Home Forums Controversial Topics Modern Orthodoxy at a crossroads Reply To: Modern Orthodoxy at a crossroads

#817564
popa_bar_abba
Participant

And for the umpteenth time, I don’t believe for a minute, as someone who knows many living breathing MO Rabbis, (some even YCT grads) that anyone in that community actually would take a position on halacha that they believe the Mechaber would disagree with were he alive.

I don’t know why you are so sure about that.

I have already pointed to someone in that community, who is even listed as an advisor on their board, who wrote pure kefira. (Saul Berman)

I quote you a few choice lines.

“Most important of all in this area, we must encourage women to develop in a creative fashion whatever additional forms they find necessary for their religious growth… It might involve the creation of new religious artifacts.”

Nice. That is surely part of our religion- creating new religious artifacts.

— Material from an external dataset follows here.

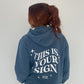 222 THIS IS YOUR SIGN Hoodie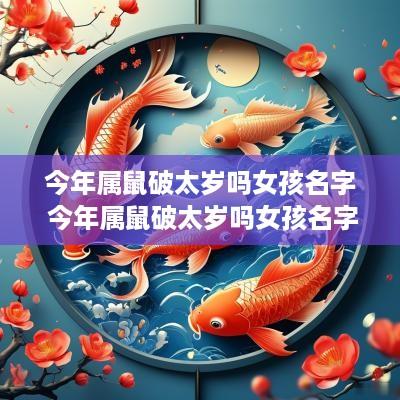 今年属鼠破太岁吗女孩名字 今年属鼠破太岁吗女孩名字叫什么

“To suggest that women don’t really need positive symbolic mitzvot because their souls are already more attuned to the Divine, would be an unbearable insult to men; unless it were understood, as it indeed is, that the suggestion is not really to be taken seriously but is intended solely to placate women.”

Hmmm. I’m pretty sure rishonim say that. So I guess he is suggesting they were merely trying to placate women, and didn’t mean it seriously.

And the kicker-

“Indeed, these were the very same sages and scholars through whose interpretative skills capital punishment was virtually abolished; through whose legal creativity the task of the transformation and eventual elimination of slavery was accomplished”

Clearly he is saying that the Torah provided for capital punishment, but the rabbis thought it was immoral so abolished it. And the same for slavery.

This is not out of context, this is the real McCoy. This is not Judaism. We get out ethics from the Torah, we don’t impose our ethics on the Torah.

You can read the rest if you wish. It is called THE STATUS OF WOMEN IN HALAKHIC JUDAISM By Saul J. Berman. Published in Tradition in 1973. Google the title and I’m sure it will come up.